Ces nouveaux outils sont formidables pour une communication instantanée avec l’extérieur et nous les utilisons également dans nos relations avec les collectionneurs et les artistes. Néanmoins, ils peuvent aussi nous déshumaniser totalement car un écran ne remplacera jamais l’énergie d’une personne et d’une œuvre, essentielles car elles apportent, fort heureusement, toutes les nuances sensibles que la machine et la technique ne peuvent seules révéler. La technique doit être au service de l’humain et non le contraire.

 

L.H. : La galerie est un lieu relationnel où la dimension humaniste semble essentielle.
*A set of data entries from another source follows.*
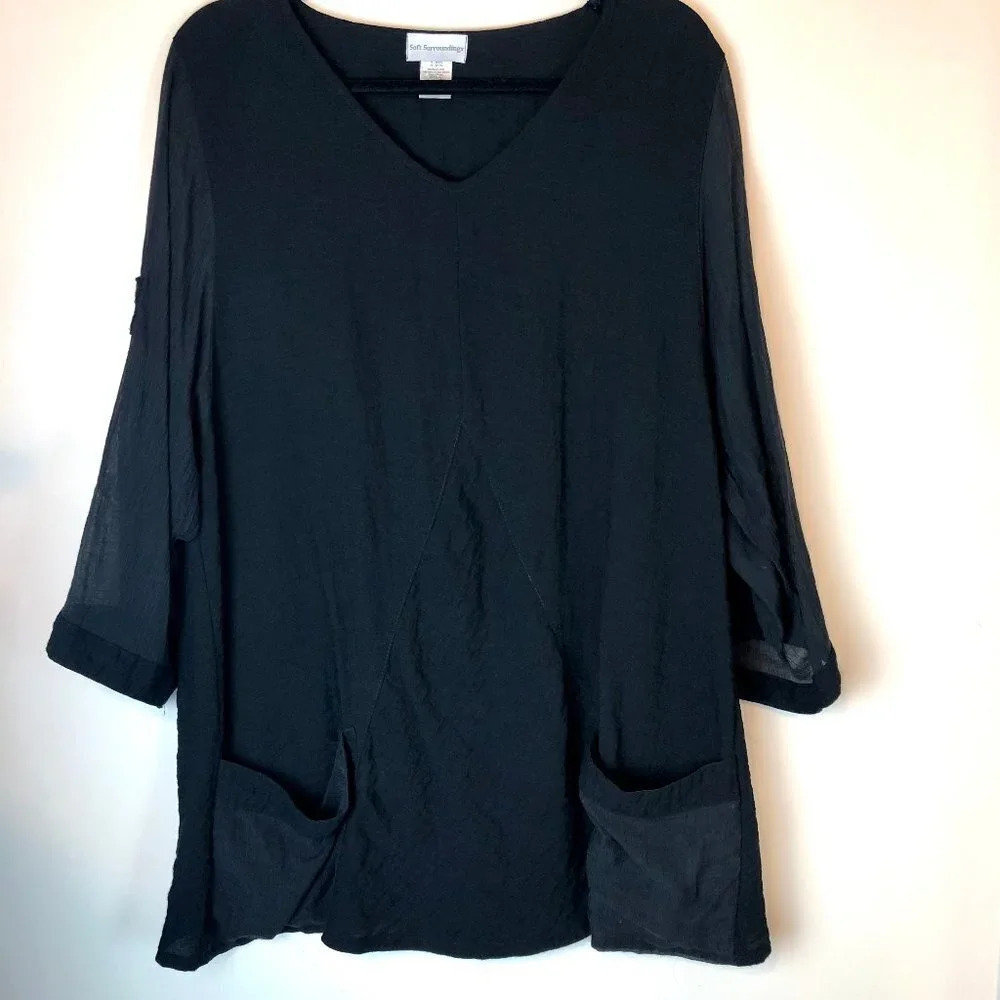 Soft Surroundings | Tunic Blouse Black Medium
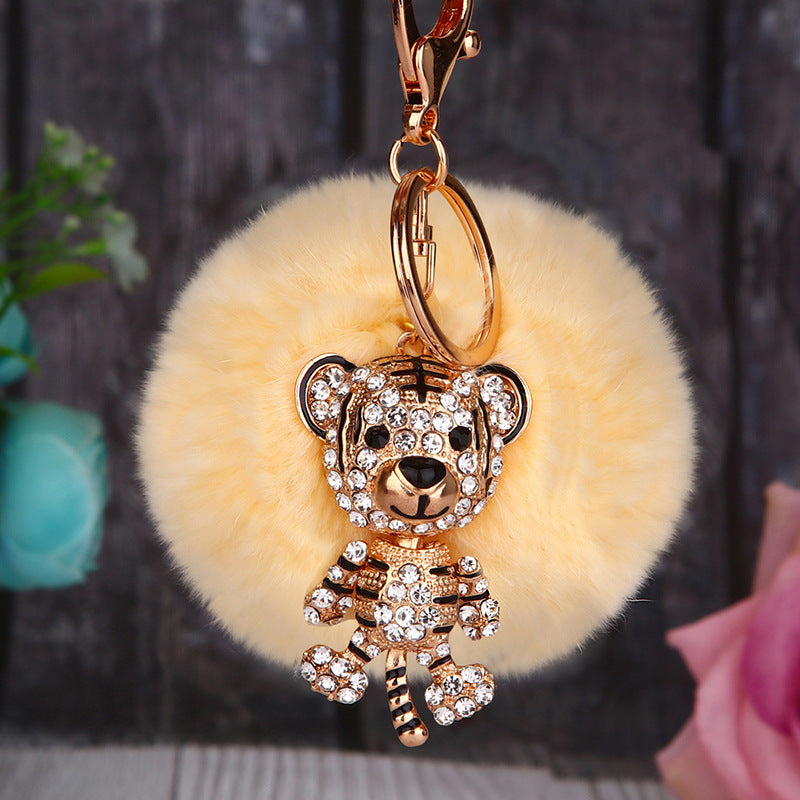 Wholesale Creative Water Diamond Fox Head Hairball Keychain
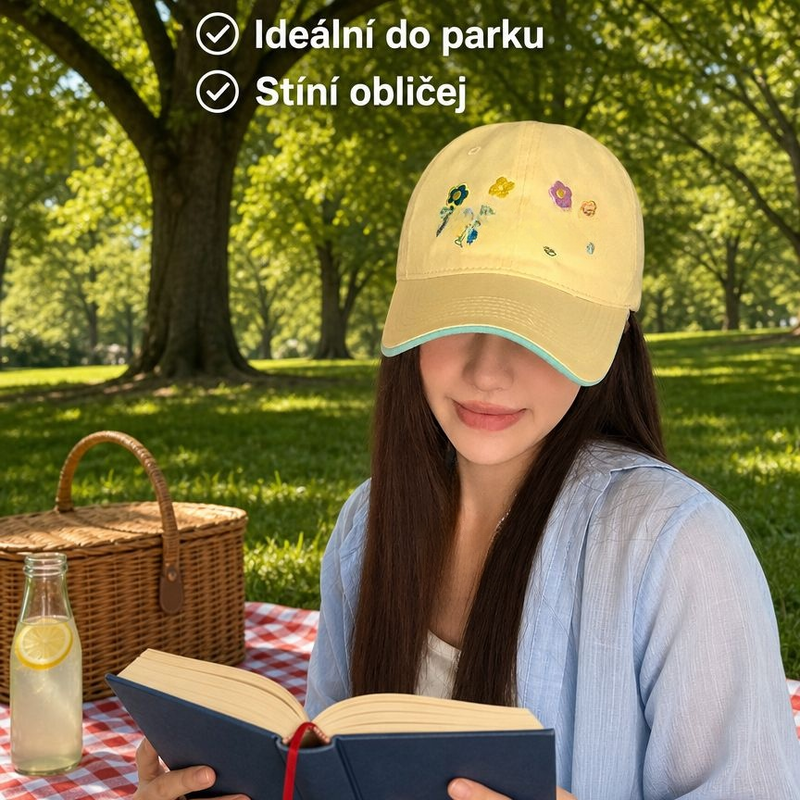 Žlutá baseballová čepice pro ženy, jaro a léto, roztomilá univerzální čepice s velkou hlavou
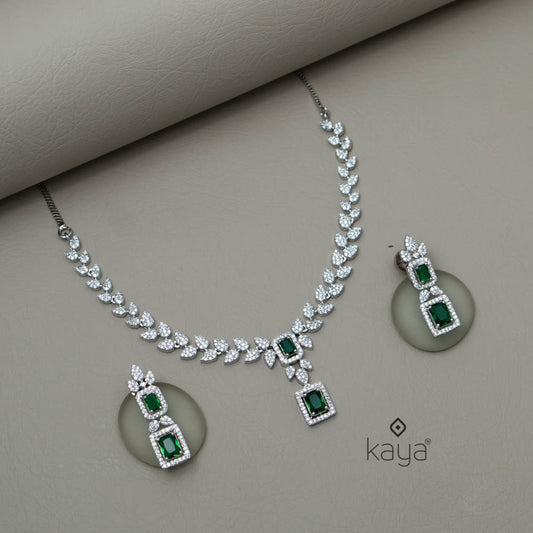 KL101380 - AD Necklace with matching Earrings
Le passé nous en montre de nombreux exemples avec des marchands devenus illustres par leur rôle joué auprès d’artistes devenus des maîtres. Cela est-il encore possible ? Les compétences du marchand se fondent sur des connaissances, de l’intuition, un regard. La galerie est un lieu de partage. Elle doit réserver la surprise, le désir de découvrir avec le regard autant que l’esprit. Est-ce toujours ainsi ?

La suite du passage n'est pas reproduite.